肌寒さが増してくる秋から冬にかけて、体の内側から温めてくれる味噌汁の存在感が増してきます。豆腐わかめを具に使った味噌汁は、日本の食卓に古くから根づいた定番の一杯。しかし、この組み合わせが鉄の吸収という観点から見ると、実はとても興味深い科学的背景を持っていることを、ご存じでしょうか。

この時期に注目したい栄養素

冬に向かう季節は、手足の冷えや疲れやすさを感じやすい時期です。こうした不調の一因として見逃せないのが「鉄」の不足です。最新の日本人の食事摂取基準(厚生労働省)によれば、成人女性(月経あり)の鉄の推奨量は1日あたり10.5mgとされており、多くの日本人女性が摂取不足の状態にあるとされています。詳細は厚生労働省の最新資料をご確認ください。

鉄には大きく分けて二種類があります。肉や魚などに含まれ吸収されやすい「ヘム鉄」と、植物性食品に多く含まれ吸収されにくい「非ヘム鉄」です。豆腐わかめに含まれる鉄はほぼ非ヘム鉄であるため、食べ合わせによって吸収率が大きく変わります。だからこそ、日常の献立を少し工夫するだけで、鉄の恩恵を最大限に引き出せるかどうかが決まってくるのです。

おすすめ食品とその数値データ

まず注目したいのが、乾燥わかめ板わかめ)です。100gあたり鉄6.4mg(出典:日本食品標準成分表(八訂))を含み、さらにビタミンCが20mg(100gあたり)含まれています。ビタミンCは非ヘム鉄の吸収を助ける成分として知られており、板わかめはそれ自体にビタミンCを内包するという点で、鉄の自己補助ができる優れた食材と言えます。

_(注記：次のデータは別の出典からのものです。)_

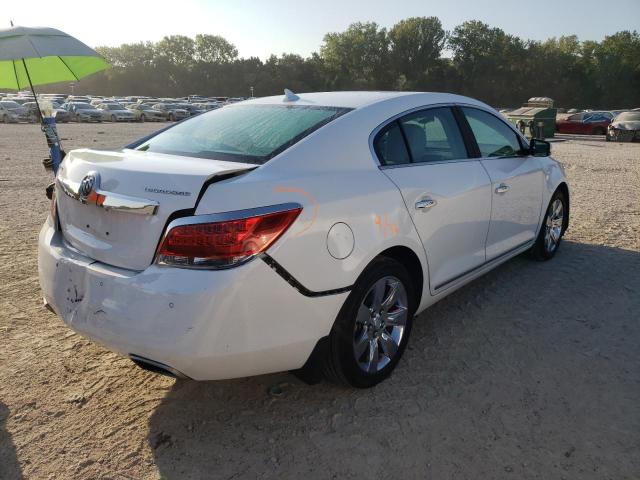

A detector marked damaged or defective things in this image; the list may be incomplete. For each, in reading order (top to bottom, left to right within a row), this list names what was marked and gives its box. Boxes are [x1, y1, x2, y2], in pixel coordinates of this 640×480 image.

rear bumper damage [37, 219, 348, 380]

同じくわかめとして普及しているカットわかめ(乾)は、鉄が100gあたり6.5mgと板わかめに並ぶ含有量を誇りますが、ビタミンCは0mgです(出典:日本食品標準成分表(八訂))。乾燥加工の工程でビタミンCが失われやすいため、カットわかめを使う場合は、別の食材でビタミンCを補うことが大切です。

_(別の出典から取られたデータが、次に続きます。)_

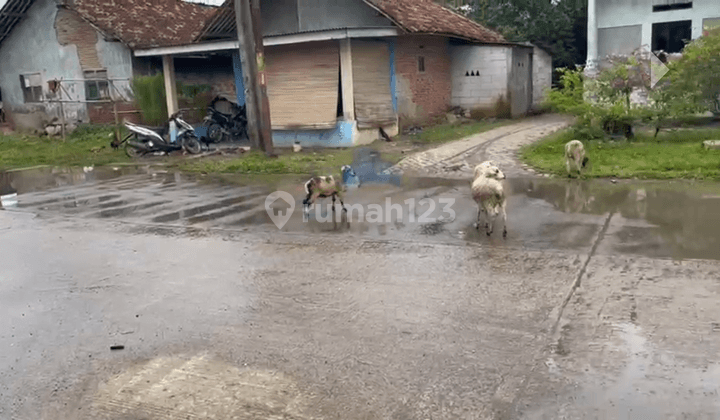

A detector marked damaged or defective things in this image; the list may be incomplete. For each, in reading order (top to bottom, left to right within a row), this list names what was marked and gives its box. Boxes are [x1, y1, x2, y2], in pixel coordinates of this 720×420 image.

broken window [652, 20, 692, 53]
peeling plaster wall [0, 0, 86, 131]
broken window [19, 72, 42, 103]
broken window [84, 70, 109, 101]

豆腐類に目を向けると、凍り豆腐(乾)は100gあたり鉄7.5mgという豆腐類の中でも特に高い含有量を誇ります(出典:日本食品標準成分表(八訂))。水分を飛ばすことで栄養が凝縮されるのが凍り豆腐の特徴で、たんぱく質も100gあたり50.5gと圧巻の数値です。一方、油揚げ(油抜き・焼き)は鉄が100gあたり3.4mg(出典:日本食品標準成分表(八訂))と控えめですが、手軽に料理へ取り入れられる使い勝手の良さが魅力です。またろくじょう豆腐は鉄100gあたり6.1mg、カルシウム660mgと双方に優れており(出典:日本食品標準成分表(八訂))、骨ケアと鉄補給を同時に意識したい方に向いています。

ただし、注意すべき点もあります。豆腐わかめはどちらも食物繊維やカルシウムを豊富に含みます。食物繊維は過剰摂取の場合、鉄の吸収を一部妨げる可能性が示唆されていますが、日常の食事レベルでは過度に心配する必要はありません。大切なのは、阻害要因と促進要因を理解したうえで食べ合わせをバランスよく設計することです。

毎日の食事への取り入れ方

最も手軽な実践法は、カットわかめ豆腐の味噌汁に、ビタミンC豊富な食材をプラスすることです。例えば、具にパプリカや小松菜を加えたり、副菜にブロッコリーのおひたしを添えるだけで、非ヘム鉄の吸収率を高める環境を整えられます。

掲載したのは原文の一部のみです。